A free index appears once in a term and is free to take any value
1, 2, 3. It labels which equation you are looking at. In
c_i = a_i + b_i,
the index i is free: this single line is shorthand for the three
equations c_1 = a_1 + b_1, c_2 = a_2 + b_2,
c_3 = a_3 + b_3. The free indices must match on both sides
of an equation and in every term — that is your first and best error check.
A dummy index (or repeated index) appears twice in a
single term. It is being summed over — and its name is irrelevant, exactly like the
i in \sum_i. In
\sum_{i=1}^{3} a_i b_i = a_1 b_1 + a_2 b_2 + a_3 b_3,
the i is a dummy: you could rename it k
without changing a thing.
Einstein's convention: drop the sigma
Einstein noticed that in physics a repeated index is always summed, so the
\textstyle\sum is pure decoration. His convention throws it away:
-
Any index repeated twice in a term is automatically summed over its range
1, 2, 3 (or 1, \dots, n). No
\textstyle\sum is written.
-
An index may appear at most twice in a term. Three of the same index in one
term is meaningless — a certain sign you have made a mistake.
-
A free index (appearing once) must appear in every term and on both
sides of the equation.
So the dot product collapses to two characters:
\mathbf{a}\cdot\mathbf{b} = \sum_{i=1}^{3} a_i b_i \;=\; a_i b_i.
The repeated i on the right is understood to be summed. That is the
entire notation. Everything below is just this rule, applied.
The Kronecker delta
The workhorse of index notation is the Kronecker delta
\delta_{ij} — the components of the identity matrix:
\delta_{ij} = \begin{cases} 1 & i = j, \\ 0 & i \neq j. \end{cases}
As a grid it is 1 down the diagonal and 0
everywhere else — the figure shows the 3\times 3 case. Because the
basis vectors are orthonormal, \hat{\mathbf{e}}_i\cdot\hat{\mathbf{e}}_j = \delta_{ij},
which is where it comes from.
Its magic is the sifting property: summed against something, it renames an index.
Because \delta_{ij} is zero unless j = i,
the sum \delta_{ij} a_j keeps only the j = i
term:
\delta_{ij}\, a_j = a_i.
The delta "eats" the dummy j and hands its index over to whatever it
was summed against. Two more facts you will use constantly:
\delta_{ij}\,\delta_{jk} = \delta_{ik}, \qquad \delta_{ii} = \delta_{11} + \delta_{22} + \delta_{33} = 3 \;\;(= n \text{ in } n \text{ dimensions}).

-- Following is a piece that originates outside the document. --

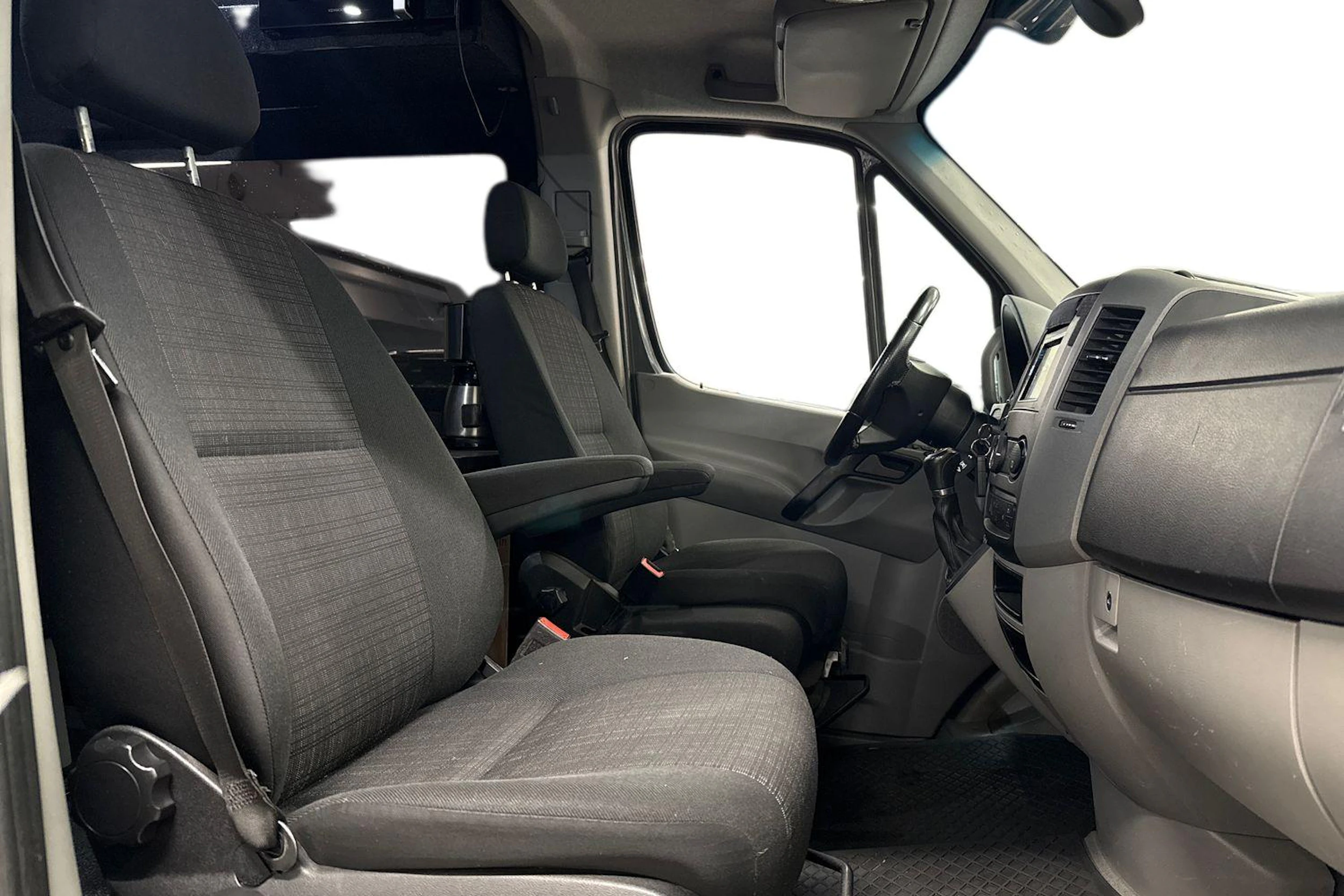 harmaa Mercedes-Benz Sprinter 2017 kuva 8.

Watch that last one: \delta_{ii} has a repeated
i, so it is summed — it is the trace of the identity, which is the
dimension, not 1.
The dot product and matrix multiplication, in indices
With the convention in hand, the two central operations of linear algebra become one-liners.
The dot product
The dot product
is a repeated index — the result has no free index, so it is a scalar:
\mathbf{a}\cdot\mathbf{b} = a_i b_i.
Matrix times vector
Row i of M dotted with
\mathbf{x}. The dummy j is summed; the free
i survives, so the result is a vector:
(M\mathbf{x})_i = M_{ij}\, x_j.
Matrix times matrix
The product
AB sums row i of A
against column j of B over the shared
(dummy) index k:
(AB)_{ij} = A_{ik}\, B_{kj}.
Two free indices (i, j) survive, so the result is a matrix — exactly as
it should be. Notice how the pattern of the indices encodes the rule: the repeated
k sits adjacent (the "inner" dimension), and it must match, which is
precisely why the inner dimensions have to agree for the product to exist.

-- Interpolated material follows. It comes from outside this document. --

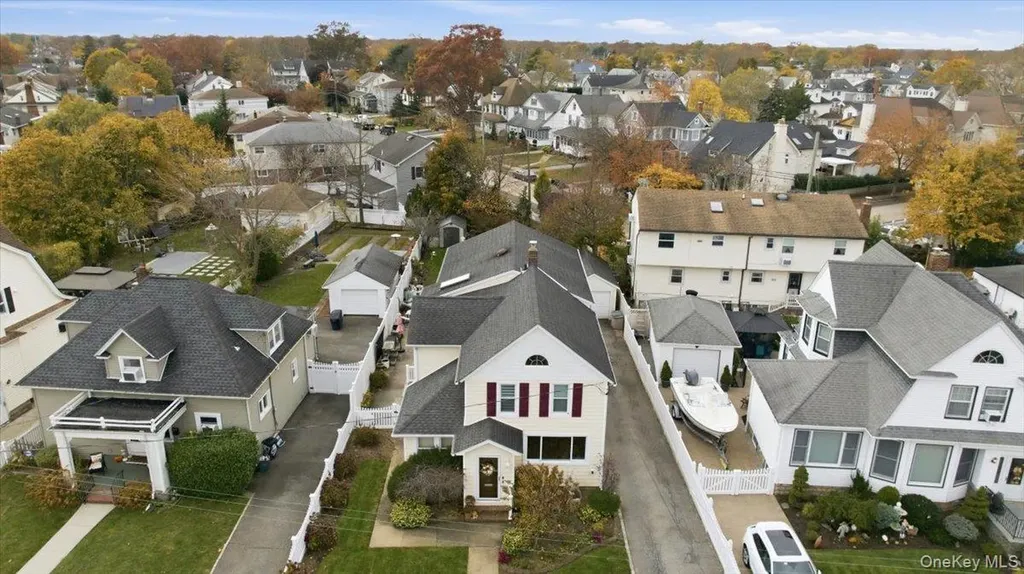 85 Spencer Avenue Lynbrook NY 11563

Why bother? Proofs become mechanical
The transpose swaps indices: (A^{\mathsf T})_{ij} = A_{ji}. Watch how a
fact that is fiddly to prove with grids falls out in one line —
(AB)^{\mathsf T} = B^{\mathsf T} A^{\mathsf T}:
\big((AB)^{\mathsf T}\big)_{ij} = (AB)_{ji} = A_{jk}\, B_{ki} = B_{ki}\, A_{jk} = (B^{\mathsf T})_{ik}\,(A^{\mathsf T})_{kj} = (B^{\mathsf T} A^{\mathsf T})_{ij}.
Every step is a definition or the freedom to reorder numbers (components are just
scalars, so A_{jk}B_{ki} = B_{ki}A_{jk}). No cleverness, no picture —
the indices do the thinking. That is the point of the notation: it converts vector-identity
proofs into symbol pushing that anyone can check.

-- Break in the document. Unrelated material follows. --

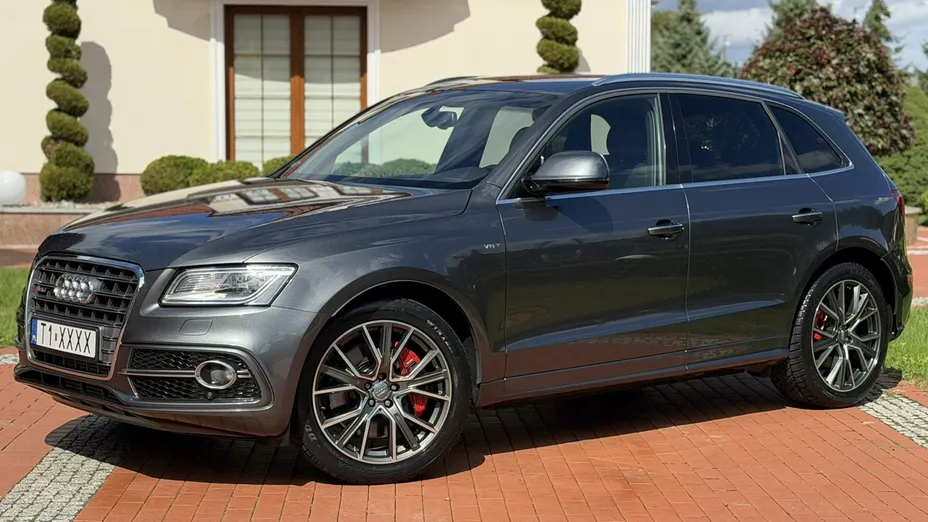 AUDI SQ5 -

And because a component is just a number, you can compute these sums directly. Here is
a_i b_i and (AB)_{ij} = A_{ik}B_{kj} written
as literal loops over the repeated index:
type Vec = number[];
type Mat = number[][];
// Dot product: sum over the repeated index i → a_i b_i
function dot(a: Vec, b: Vec): number {
let s = 0;
for (let i = 0; i < a.length; i++) s += a[i] * b[i];
return s;
}
// Matrix product: (AB)_ij = A_ik B_kj — the dummy index k is summed
function matmul(A: Mat, B: Mat): Mat {
const n = A.length, m = B[0].length, inner = B.length;
const C: Mat = Array.from({ length: n }, () => Array(m).fill(0));
for (let i = 0; i < n; i++)
for (let j = 0; j < m; j++)
for (let k = 0; k < inner; k++)
C[i][j] += A[i][k] * B[k][j]; // accumulate the sum over k
return C;
}
console.log("a·b =", dot([1, 2, 3], [4, 5, 6])); // 1·4 + 2·5 + 3·6 = 32
console.log("AB =", matmul([[1, 2], [3, 4]], [[5, 6], [7, 8]]));
The triple loop is the summation convention made concrete: the outer two loops walk the
free indices i, j, and the inner loop performs the sum over the dummy
index k.
Einstein introduced the convention in his 1916 paper on general relativity and later joked that
it was his "great discovery in mathematics." He was teasing — but only half. General relativity
is drowning in sums: a single term can carry four or five indices, each summed over four
spacetime dimensions. Written with explicit \textstyle\sum signs, an
equation like R_{\mu\nu} - \tfrac12 R\,g_{\mu\nu} = 8\pi G\,T_{\mu\nu}
would sprawl across the page in a thicket of summation symbols. Dropping them isn't laziness —
it makes the structure visible, so you can see which indices are free (and label the
equation) and which are contracted (and summed away). The convention is arguably the most
successful piece of notation in twentieth-century physics.
Never let an index appear three times in one term. If you write something like
a_i b_i c_i, it is ambiguous and meaningless — the
convention only defines a sum for an index that appears exactly twice. If two
different vectors happen to reuse the same dummy letter, rename one of them
before combining. For example, to multiply the scalars
(a_i b_i) and (c_j d_j) you must use
different dummy indices:
(a_i b_i)(c_j d_j), never
(a_i b_i)(c_i d_i) = a_i b_i c_i d_i — that last form has
i four times and is nonsense. When in doubt, count how many times
each letter appears in a single term: it must be one (free) or two (dummy), never more.